This week, your liberty is on trial at the Supreme Court. The Court has scheduled three days of hearings to determine if Washington has the constitutional prerogative to basically rule your life. Today, the Supremes heard arguments as to whether the provision in the law for not buying healthcare insurance amounts to a tax or a penalty. If it’s a tax, then generally speaking, you cannot file suit until the tax is collected, which in this case is 2014. That’s when the mandate kicks in. This would preclude the court from issuing an opinion until that after that date. Oddly enough, both sides agree that the Court should rule on the merits now, and that the penalty isn’t a tax. So, to argue the other side, the Supreme Court booked the services of another lawyer to argue a side neither side agrees with. As I said, odd.

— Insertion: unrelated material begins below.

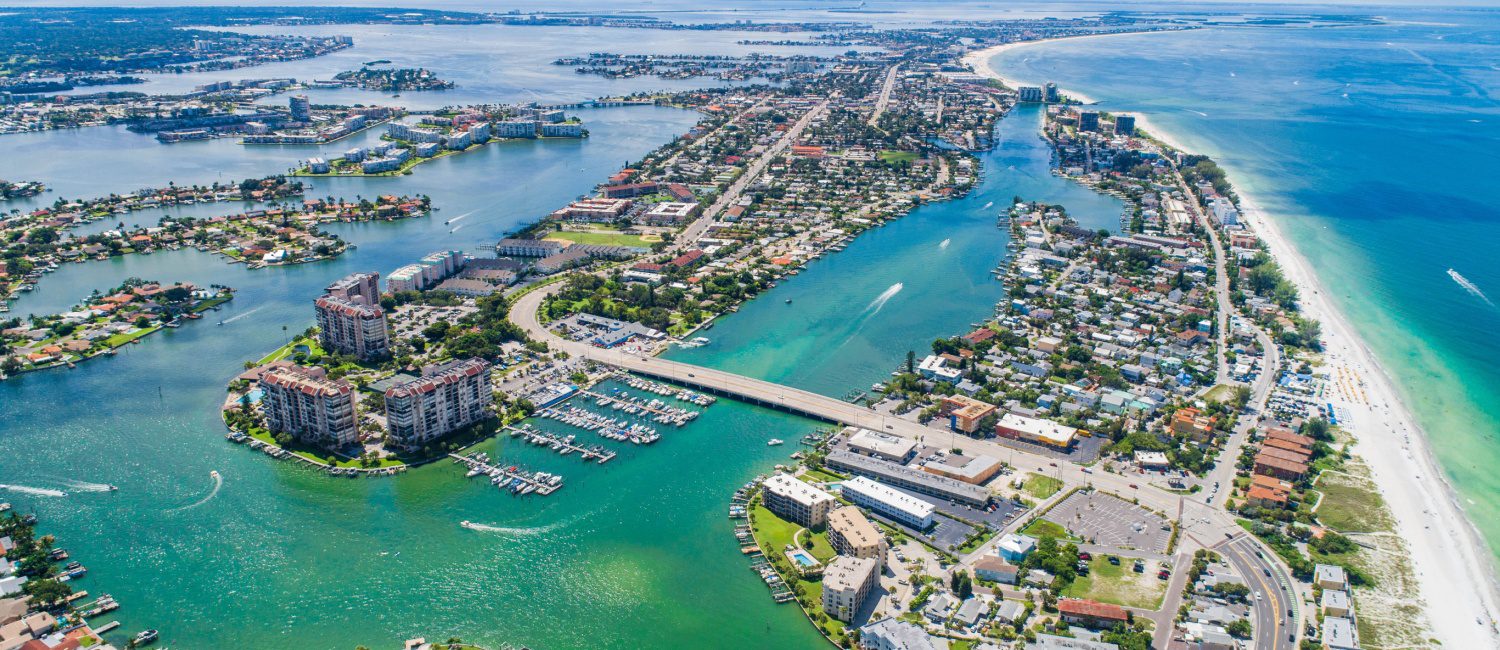 Drone view of beach homes outside of St. Cloud, a Florida city full of pros and cons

George Will brought up an interesting point today in his Washington Post column. The Institute for Justice, like several other “think tanks”, submitted an amicus brief opposing Obamacare on the grounds that it violates contract law. The IJ said that in order for contracts to be valid, they must be entered into voluntarily. For if an individual can be coerced into entering into a contract, liberty has been relegated to an antiquated notion. And Obamacare does just that. Your mere existence requires that you carry health insurance. Read the whole column here.
Tomorrow is the big day. That’s when arguments about the individual mandate begin. Wish I were there!